Here, we discuss the Spearman’s rank correlation coefficient test in R with interpretations, including, rank correlation, test statistics, and p-values.

The Spearman’s rank correlation coefficient test in R can be performed with the cor.test() function from the base "stats" package.

The Spearman’s rank correlation coefficient test can be used to test whether there is a rank correlation between two variables or if there is none as stated in the null hypothesis. It is a non-parametric alternative to the Pearson’s correlation coefficient test.

In the Spearman’s rank correlation coefficient test, the test statistic is based on the correlation between the ranks of the observed values within each sample, and it follows a Student’s t-distribution when the null hypothesis is true.

Spearman’s rank correlation Coefficient Tests & Hypotheses
Question Is there a rank correlation between x and y? Is there a positive rank correlation between x and y? Is there a negative rank correlation between x and y?
Form of Test Two-tailed Right-tailed test Left-tailed test
Null Hypothesis, \(H_0\) \(\rho_s = 0\) \(\rho_s = 0\) \(\rho_s = 0\)
Alternate Hypothesis, \(H_1\) \(\rho_s \neq 0\) \(\rho_s > 0\) \(\rho_s < 0\)

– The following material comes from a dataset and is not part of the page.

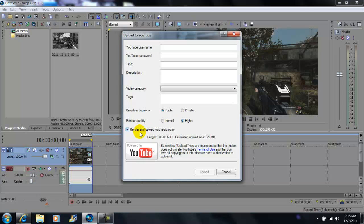Render and upload loop region only. You want to make sure that's checked because you have your video's loop region from beginning to end and that's what you want rendered.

Sample Steps to Run a Spearman’s Rank Correlation Coefficient Test:

# Create the data samples for the Spearman's rank correlation coefficient test
# Values are paired based on matching position in each sample

data_x = c(3.4, 2.5, 2.7, 2.0, 1.9)
data_y = c(6.8, 7.3, 8.1, 7.4, 6.7)

# Run the Spearman's rank correlation coefficient test with specifications

cor.test(data_x, data_y,
         alternative = "two.sided",
         method = "spearman")

    Spearman's rank correlation rho

data:  data_x and data_y
S = 14, p-value = 0.6833
alternative hypothesis: true rho is not equal to 0
sample estimates:
rho 
0.3 
Table of Some Spearman’s Rank Correlation Coefficient Tests Arguments in R
Argument Usage
x, y The two sample data values
alternative Set alternate hypothesis as "greater", "less", or the default "two.sided"
method Set to "spearman", the default is "pearson"
exact For n<=1290 and no rank ties:
set to FALSE to compute p-value based on t-distribution, (default = TRUE)
continuity Set to TRUE for continuity correction for non-exact p-value

Creating a Spearman’s Rank Correlation Coefficient Test Object:

# Create data
data_x = rnorm(60); data_y = rnorm(60)

# Create object
cor_object = cor.test(data_x, data_y,
                      alternative = "two.sided",
                      method = "spearman", conf.level = 0.95)

# Extract a component
cor_object$statistic
    S 
32518 
Table of Some Spearman’s Rank Correlation Coefficient Test Object Outputs in R
Test Component Usage
cor_object$statistic Test-statistic value
cor_object$p.value P-value
cor_object$estimate Sample rank correlation coefficient

1 Test Statistic for Spearman’s Rank Correlation Coefficient Test in R

With \(\text{rank}(4, 6, 6, 8, 10, 10, 10) = (1, 2.5, 2.5, 4, 6, 6, 6)\).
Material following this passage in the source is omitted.